By: Nechama Lowy | Features  | 

Clarifying the Role of Women on Shabbat on Wilf

In recent years, the question of to what degree YU’s undergraduate women should be incorporated into the Wilf campus Shabbat experience has come to light, as more single YU women have begun to reside in Washington Heights.

Rabbi Yosef Blau, Senior Mashgiach Ruchani for Yeshiva University and RIETS, lives close to the university and spends most of his Shabbatot with the YU community on Wilf. He has seen Washington Heights become a popular singles community of late and explained, “in the last few years, more and more women have moved to the neighborhood around Yeshiva. Before that, the issue of women being around on Shabbos was not an issue, because they weren’t there.”

Although women are welcome into the Wilf campus library, cafeteria, and other buildings during the week, on Shabbat, women are not allowed to eat meals with the men in their dining hall. The same policy exists on Beren, where men are not allowed to eat with the women on a normal Shabbat.  

Rabbi Blau suggested that within the Wilf campus student body who stays in for Shabbat, “there is a preference for the ‘Yeshiva’ atmosphere; they’re staying in for the Yeshiva experience.” The administration feels that a large population of the students have a preference towards spending their Shabbat in single-sex environments. YU has long been opposed to hosting coed Shabbatonim on the Wilf campus in order to preserve this Yeshiva environment. Dovid Simpser, President of SOY, recalled, “two years ago there was a huge push to make coed Shabbatonim uptown.” In order to ensure that this large population of YU’s men would remain comfortable on Shabbat, the Roshei Yeshiva decided against it.

While full-scale Shabbatonim have been explicitly disallowed, the rules for individual women participating in Shabbat activities are less clear. When asked if women are allowed to attend the Shabbat shiurim and tisch events, Rabbi Blau responded that “it’s a good question, because it rarely happens. It is unclear, because I don’t think it’s come up.” However, Simpser asserted that “women are allowed at all minyanim and programming, besides for meals, even the tisch,” stating that it is a huge misunderstanding when women assume they are not allowed at any programming besides for the minyanim.

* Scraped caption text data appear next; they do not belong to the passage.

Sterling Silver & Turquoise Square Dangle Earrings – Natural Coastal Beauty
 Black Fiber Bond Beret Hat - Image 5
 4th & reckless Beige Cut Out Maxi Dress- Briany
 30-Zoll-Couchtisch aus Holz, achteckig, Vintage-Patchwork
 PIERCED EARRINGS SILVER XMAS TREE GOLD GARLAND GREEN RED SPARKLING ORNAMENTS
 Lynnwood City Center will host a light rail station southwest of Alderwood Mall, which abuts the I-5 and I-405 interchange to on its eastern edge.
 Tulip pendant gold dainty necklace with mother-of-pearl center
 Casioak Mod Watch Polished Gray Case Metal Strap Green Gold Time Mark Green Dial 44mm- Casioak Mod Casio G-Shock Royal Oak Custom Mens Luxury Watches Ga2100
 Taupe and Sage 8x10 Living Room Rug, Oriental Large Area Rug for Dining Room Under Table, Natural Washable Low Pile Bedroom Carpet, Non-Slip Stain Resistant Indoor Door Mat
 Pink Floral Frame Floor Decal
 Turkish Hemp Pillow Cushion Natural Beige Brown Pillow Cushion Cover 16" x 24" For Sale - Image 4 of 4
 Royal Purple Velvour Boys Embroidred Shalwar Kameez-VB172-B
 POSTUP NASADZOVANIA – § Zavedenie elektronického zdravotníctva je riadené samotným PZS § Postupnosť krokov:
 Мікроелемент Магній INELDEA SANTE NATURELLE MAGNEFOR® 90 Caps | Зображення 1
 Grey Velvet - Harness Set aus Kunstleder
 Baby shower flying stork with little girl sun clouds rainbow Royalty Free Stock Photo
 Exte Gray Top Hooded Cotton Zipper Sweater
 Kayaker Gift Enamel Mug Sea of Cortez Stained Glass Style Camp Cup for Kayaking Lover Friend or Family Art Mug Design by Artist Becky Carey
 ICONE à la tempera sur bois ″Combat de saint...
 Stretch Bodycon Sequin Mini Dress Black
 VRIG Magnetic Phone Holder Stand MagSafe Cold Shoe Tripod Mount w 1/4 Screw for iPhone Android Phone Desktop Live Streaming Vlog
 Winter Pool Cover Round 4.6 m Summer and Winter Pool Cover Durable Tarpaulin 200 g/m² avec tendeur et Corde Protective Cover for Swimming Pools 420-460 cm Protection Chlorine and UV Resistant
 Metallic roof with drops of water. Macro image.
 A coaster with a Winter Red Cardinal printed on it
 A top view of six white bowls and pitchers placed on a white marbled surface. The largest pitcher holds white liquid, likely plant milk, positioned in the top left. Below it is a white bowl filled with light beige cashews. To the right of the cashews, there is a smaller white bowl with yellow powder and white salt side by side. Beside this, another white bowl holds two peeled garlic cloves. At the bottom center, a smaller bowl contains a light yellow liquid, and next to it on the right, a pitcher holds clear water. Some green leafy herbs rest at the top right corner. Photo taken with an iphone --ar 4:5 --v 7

The lack of clarity surrounding these policies has resulted in confusion among members of the student body. In October of 2017, a group of current Beren students and female graduate students entered the Furman Dining Hall, where Wilf’s Shabbat meals are held, and took seats at Seudah Shlishit. Neither Simpser nor Rabbi Blau was able to confirm if anyone complained, but Simpser, who was sitting at Seudah Shlishit at the time, described that “the guys [who they sat close to] were super uncomfortable and got up and moved.”

Rabbi Blau approach the women to alert them that “the policy is to not have single women at the Shalosh Seudot,” but he did not ask them to leave. Rabbi Blau admitted that one of the women responded that she “was told there’s no such policy,” indicating that the guidelines are unclear.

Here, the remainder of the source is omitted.